## Assignment
The answer is the exact text of every line from the one that contains "糖心vlog网页版最新地址最" to the final line of the entries below, with pictures left out.

## Records for the task
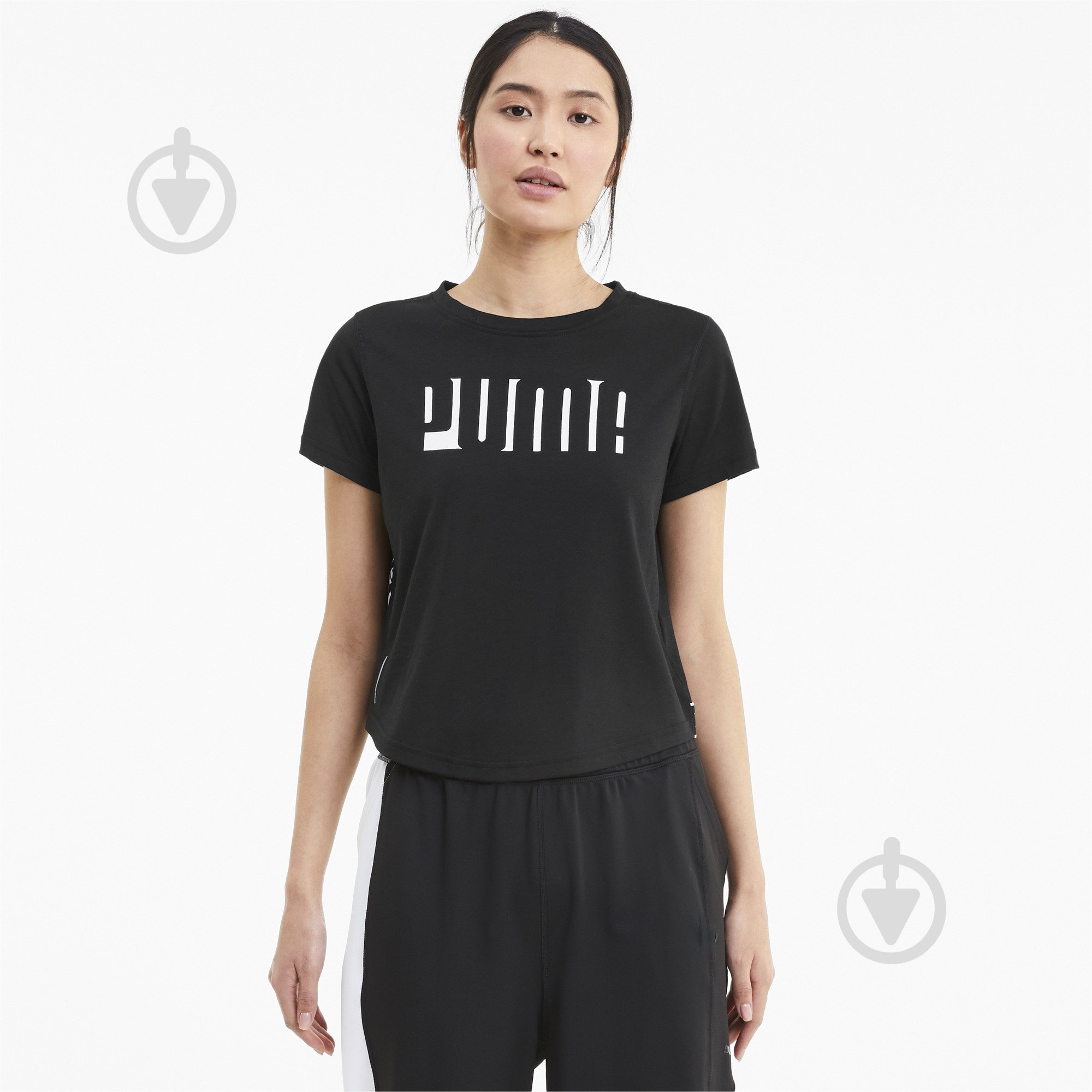 Футболка Puma Train Logo SS Tee 51948901 р.M черный - фото 1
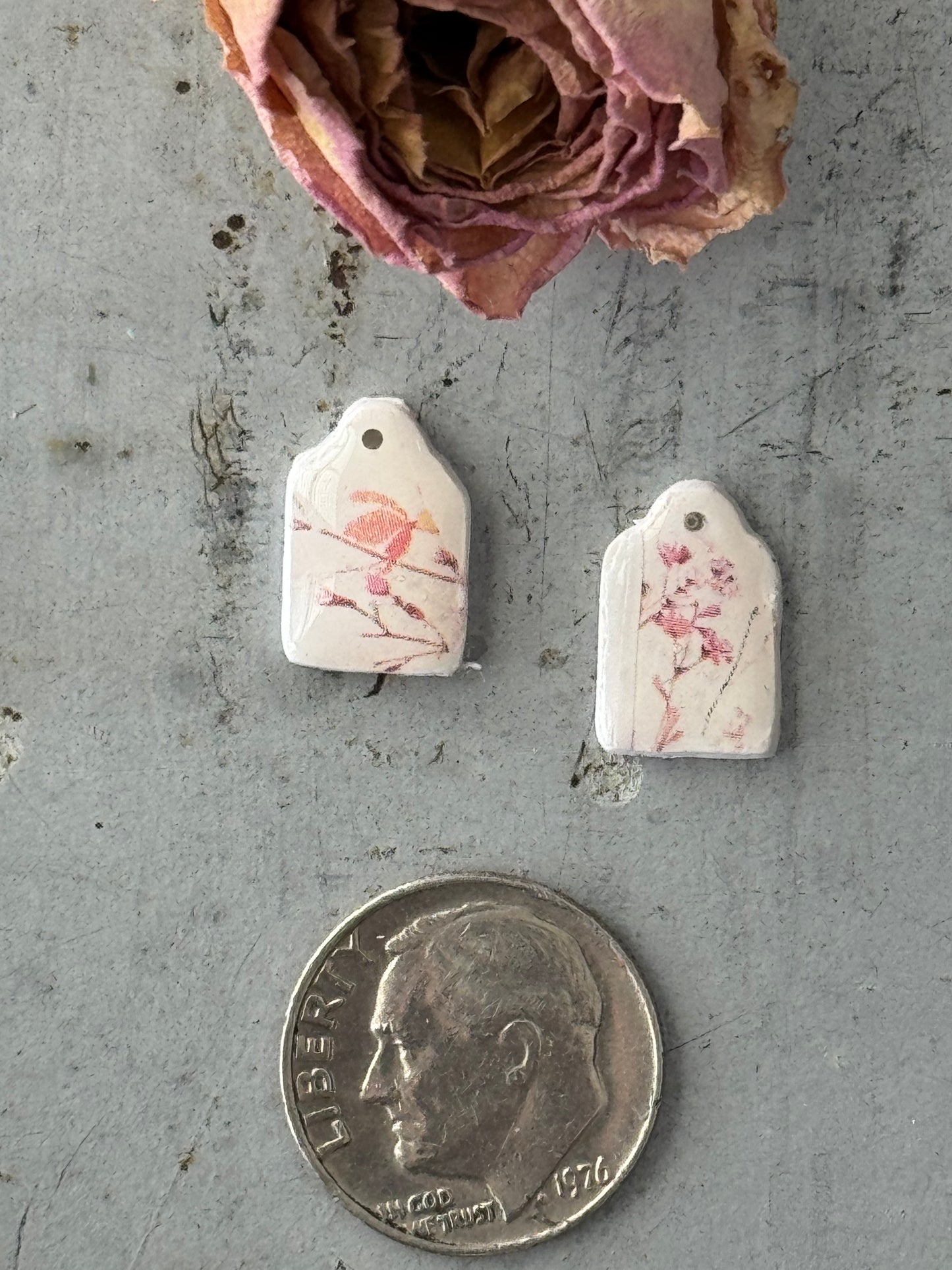 Polymer Clay component pair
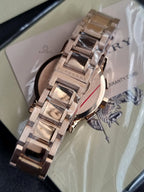 Swiss Rose Gold Date Dial 38mm Unisex Chronograph Wrist Watch The City BU9754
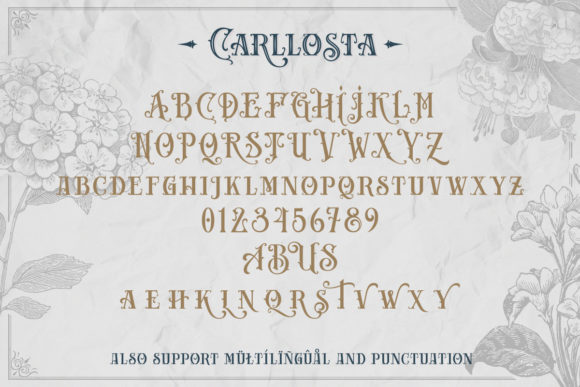 Carllosta Font PNG with transparent background - Preview 2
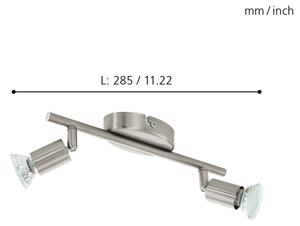 Eglo 92596 - LED спот BUZZ 2xGU10/2,8W/230V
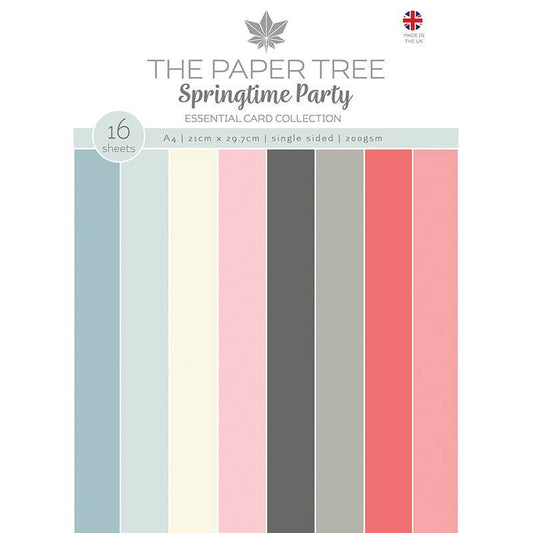 The Paper Tree Springtime Party A4 Essential Colour Card (PTC1170)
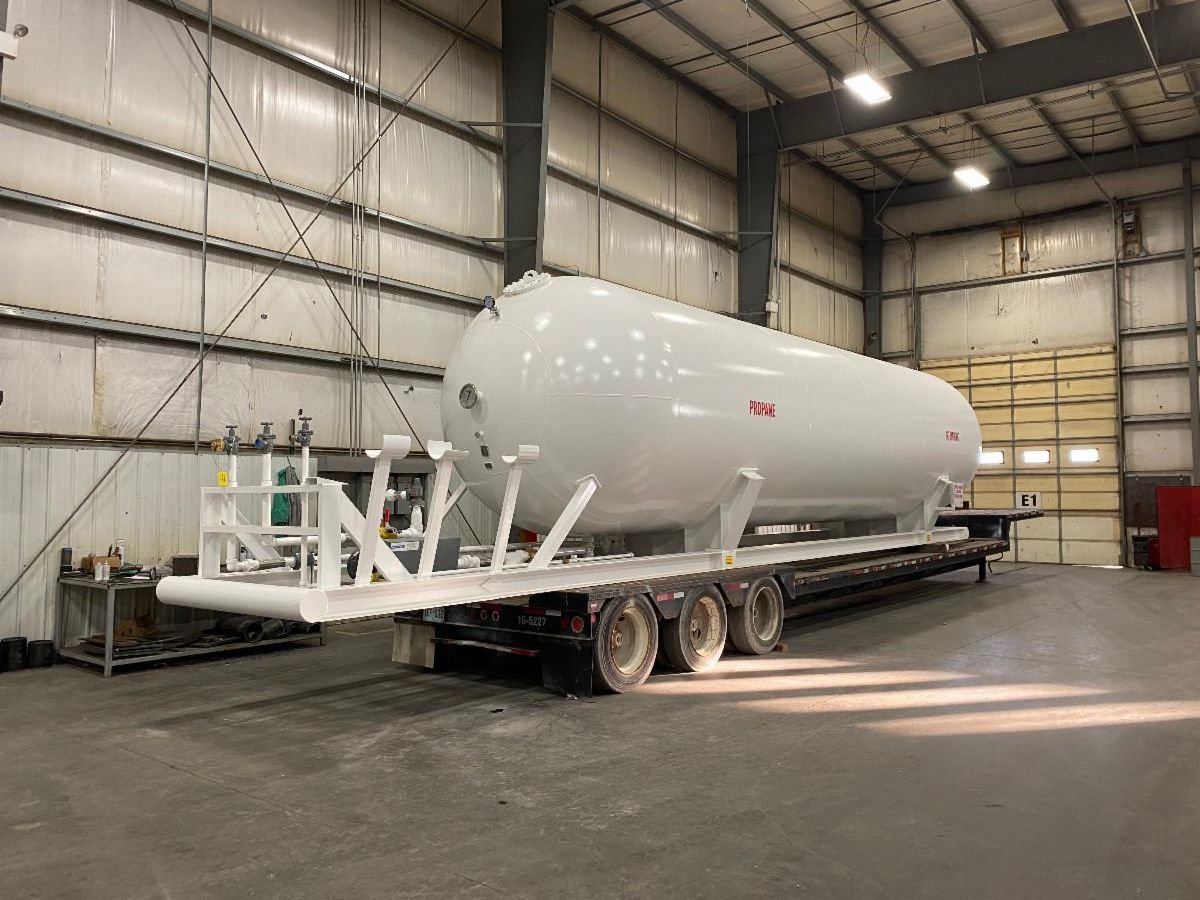 Lang Company D300LP 30000 Gallon Propane Storage Tank Skid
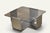 Metal Coffee Table in Brushed Steel and Smoked Glass, 1970s For Sale - Image 7 of 14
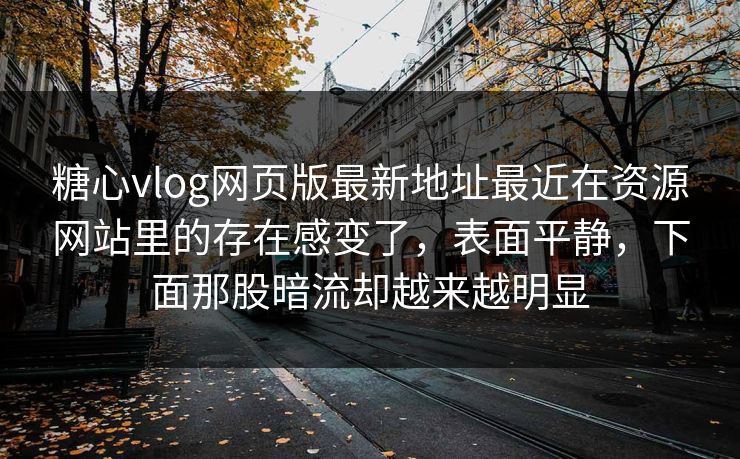糖心vlog网页版最新地址最近在资源网站里的存在感变了，表面平静，下面那股暗流却越来越明显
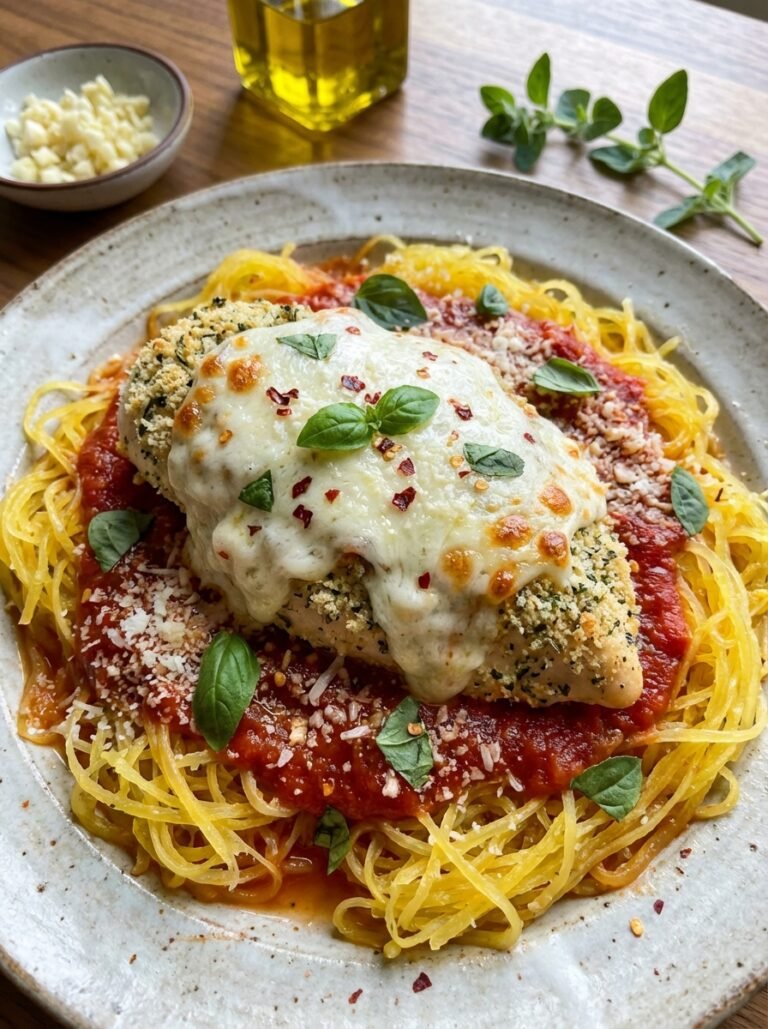 Chicken parmesan spaghetti 202604122101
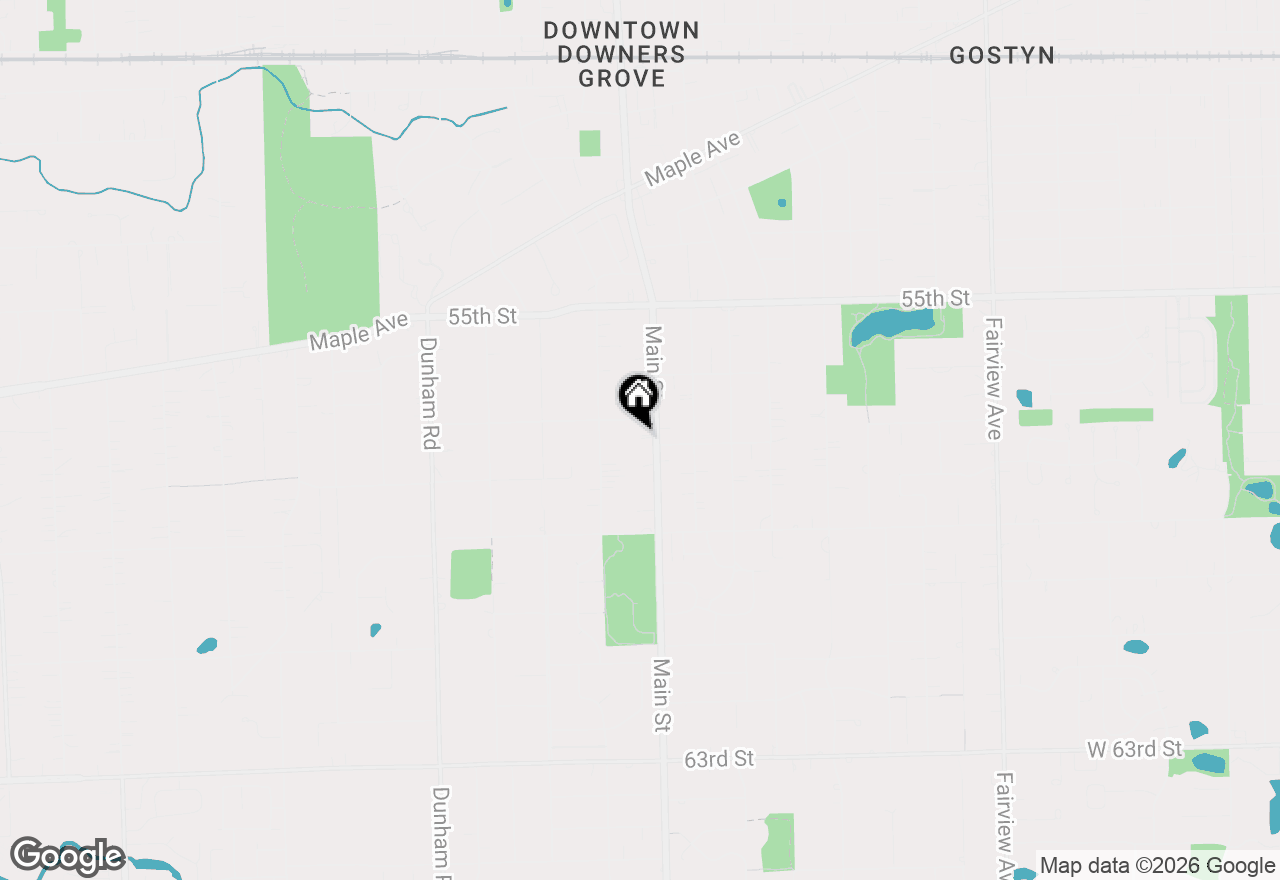 Map of 5722 Main Street, Downers Grove, IL 60516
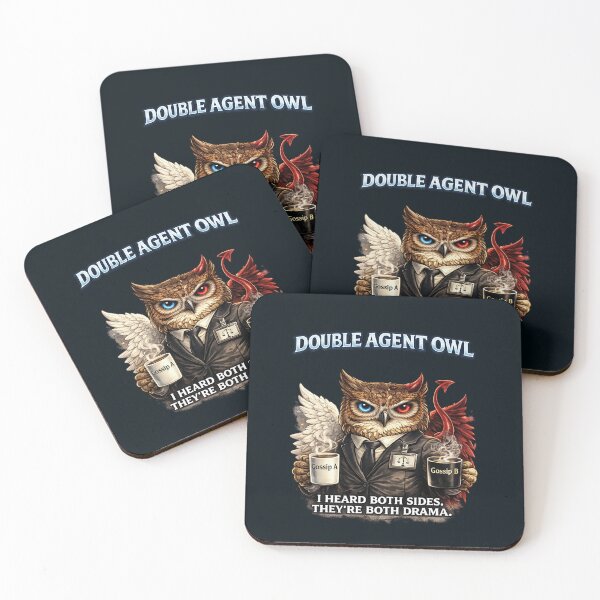 Item preview, I Heard Both Sides. They're Both Drama. – Funny Double Agent Owl designed and sold by Aimetoi.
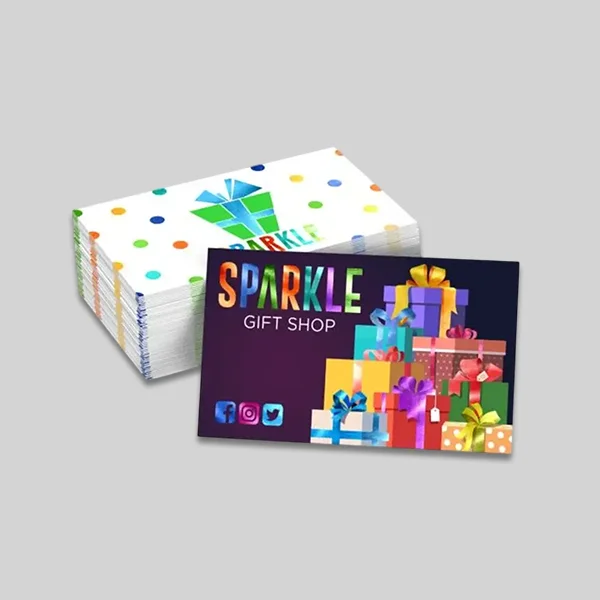 Custom Akuafoil Business Cards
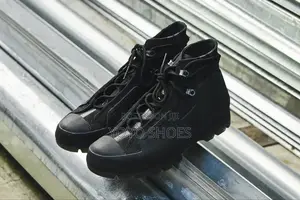 All Star Converse a-Cold -Wall * Taylor Triple Black Fashion Boots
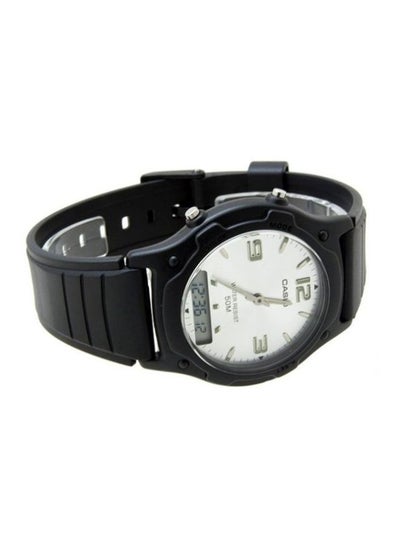 Men's Water Resistant Analog & Digital Watch AW-49HE-7AVUDF - 35 mm - Black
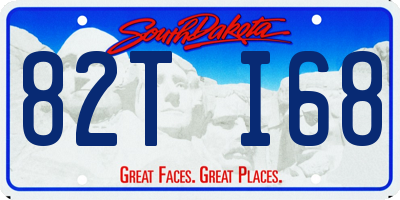 SD license plate 82TI68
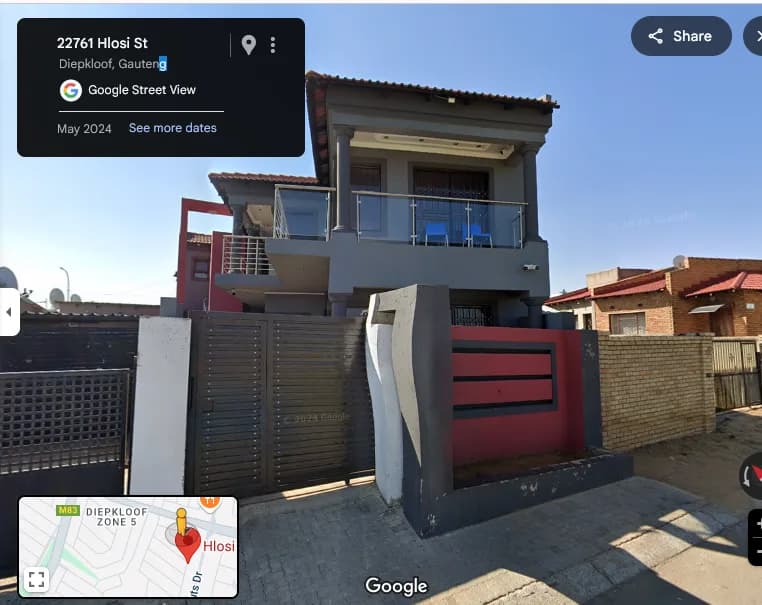 Khumalos Guest House in Diepkloof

## Result for this task
糖心vlog网页版最新地址最近在资源网站里的存在感变了，表面平静，下面那股暗流却越来越明显
 Chicken parmesan spaghetti 202604122101
 Map of 5722 Main Street, Downers Grove, IL 60516
 Item preview, I Heard Both Sides. They're Both Drama. – Funny Double Agent Owl designed and sold by Aimetoi.
 Custom Akuafoil Business Cards
 All Star Converse a-Cold -Wall * Taylor Triple Black Fashion Boots
 Men's Water Resistant Analog & Digital Watch AW-49HE-7AVUDF - 35 mm - Black
 SD license plate 82TI68
 Khumalos Guest House in Diepkloof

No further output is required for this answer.